_INFORMATION_

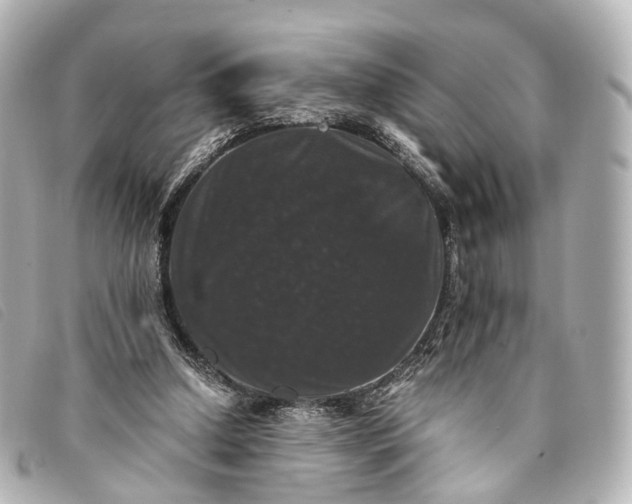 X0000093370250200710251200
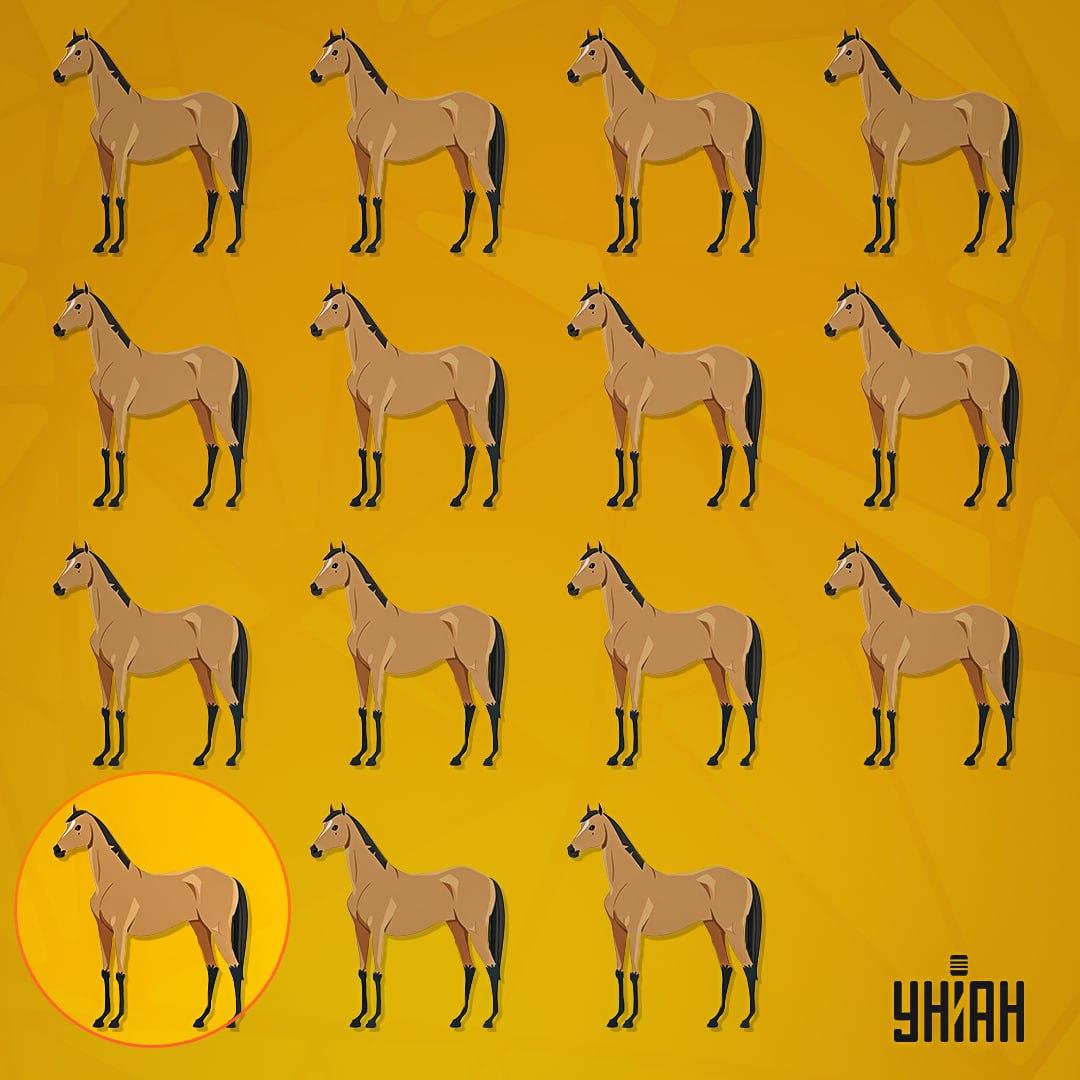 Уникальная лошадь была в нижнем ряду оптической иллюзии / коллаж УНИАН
--
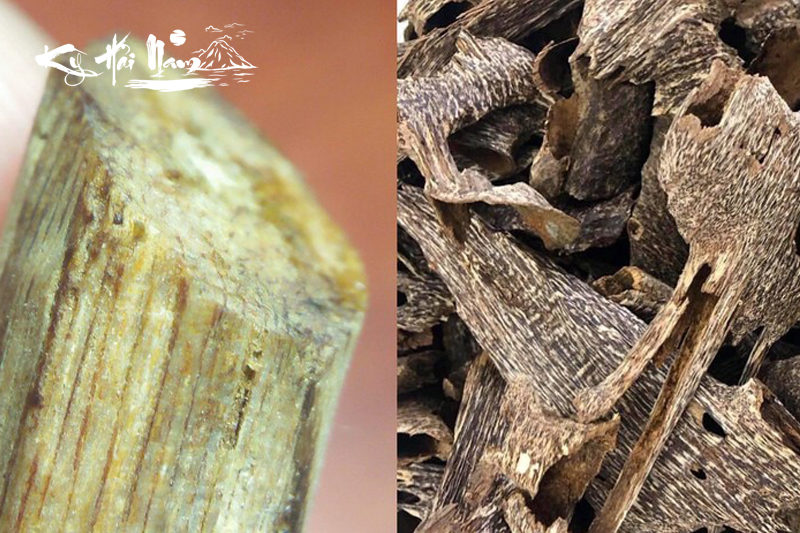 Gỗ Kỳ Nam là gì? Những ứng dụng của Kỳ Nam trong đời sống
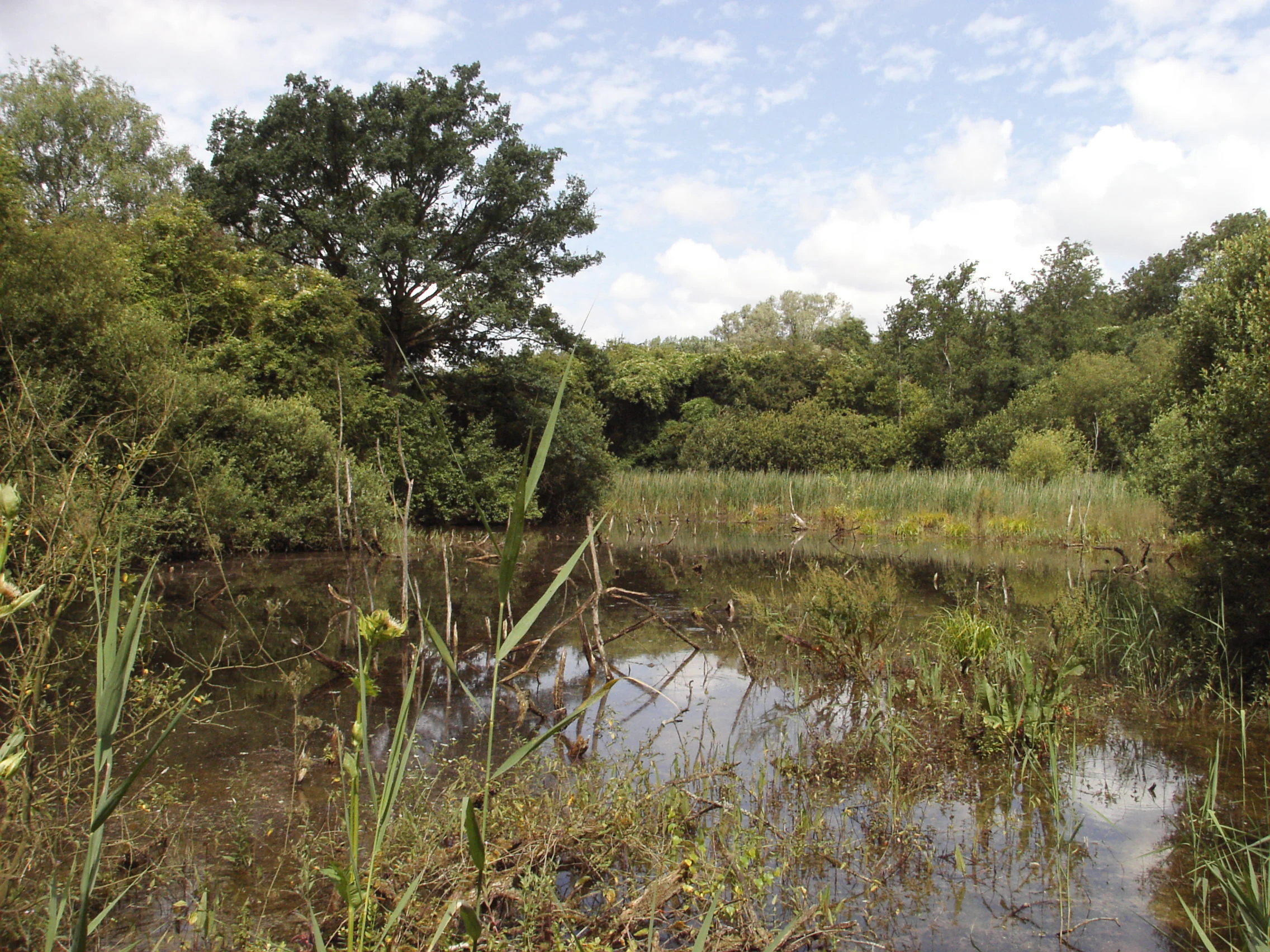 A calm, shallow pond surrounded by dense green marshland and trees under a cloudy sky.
* * *
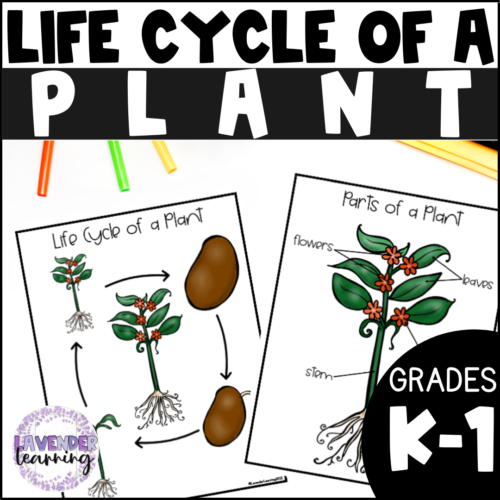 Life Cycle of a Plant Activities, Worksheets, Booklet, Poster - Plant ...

_EXERCISE INSTRUCTIONS_
Take the lines above starting at the one containing "Gỗ Kỳ Nam là" and ending at the one containing "A calm, shallow", and print them again exactly, without pictures.

_TASK ANSWER_
 Gỗ Kỳ Nam là gì? Những ứng dụng của Kỳ Nam trong đời sống
 A calm, shallow pond surrounded by dense green marshland and trees under a cloudy sky.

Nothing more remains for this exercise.